Ransomware can attack data in the cloud and launch attacks on cloud infrastructure
Researchers have discovered a functionality within Office 365 that could allow attackers to ransom files stored on SharePoint and OneDrive. On disclosure to Microsoft, the researchers were told the system ‘is working as intended’. That is, it’s a feature, not a flaw.
It has long been considered that files stored and edited in the cloud are resilient to encryption extortion – the autosave and versioning features should provide sufficient backup capability.
Researchers at Proofpoint have demonstrated that this is a false assumption. They report, “Our research focused on… SharePoint Online and OneDrive… and shows that ransomware actors can now target organizations’ data in the cloud and launch attacks on cloud infrastructure.”
There are two ways this can be achieved through the Microsoft versioning function (which allows the user to specify the maximum number of older versions to be stored). Old versions beyond this limit are by design difficult if not impossible to restore.

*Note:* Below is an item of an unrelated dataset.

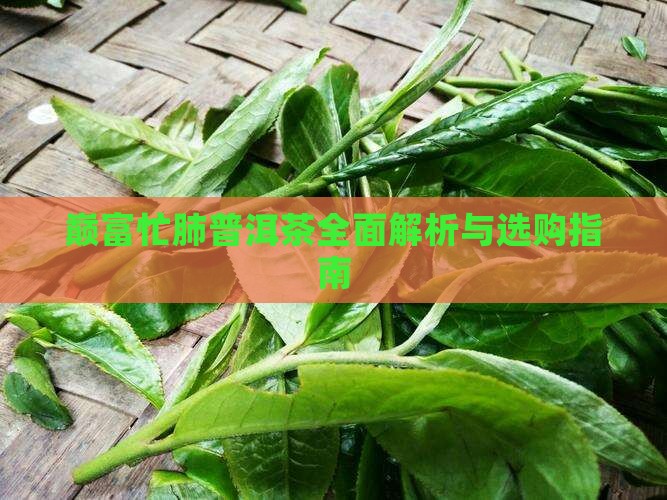 巅富忙肺普洱茶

The first attack is more theoretical than practical, but the second is eminently practical.
The default maximum number of versions of a document that will be stored is 500. The attacker simply edits and encrypts the file 501 times. The edits do not have to be major – just enough to make the system store the new (encrypted) version. By the end of the process, all versions of the document will be encrypted, and the file will be irrecoverable without the decryption key.
This attack is theoretical. In practice it would be noisy and prone to discovery. The second approach is more realistic – use the built-in user-controlled versioning function to minimize the number of stored versions to one. Every document library in SharePoint and OneDrive has a user-configurable setting for the number of saved versions, found within the versioning settings under list settings for each document library.
Setting the version limit to zero doesn’t work for an attacker, because it doesn’t remove existing versions which can still be recovered by the user. But if the limit is set to one, the file only needs to be encrypted twice before its content becomes inaccessible to the user. And if it is exfiltrated prior to encryption, the attacker has the option of initiating double extortion.
The attack chain comprises initial access by compromising or hijacking user identities; account takeover and discovery; versioning reduction, file exfiltration and file encryption; and extortion.
The impact of this attack will be reduced if the file owner maintains a local copy of the file. Here the attacker will need to compromise both the endpoint and the cloud account to ensure success.
Before publicly disclosing what it considers to be a genuine vulnerability, Proofpoint followed the Microsoft disclosure path and reported it to Microsoft. Microsoft responded that firstly, the versioning settings works as intended, and secondly, older versions of files can be potentially recovered and restored for an additional 14 days with the assistance of Microsoft Support.
“However,” write the researchers, “Proofpoint attempted to retrieve and restore old versions through this process (i.e., with Microsoft Support) and was not successful. Secondly, even if the versioning settings configuration workflow is as intended, Proofpoint has shown that it can be abused by attackers towards cloud ransomware aims.”
The moral is simple: do not assume that files stored and edited in the cloud are immune to extortion attacks. Ransomware mitigation controls still need to be in place.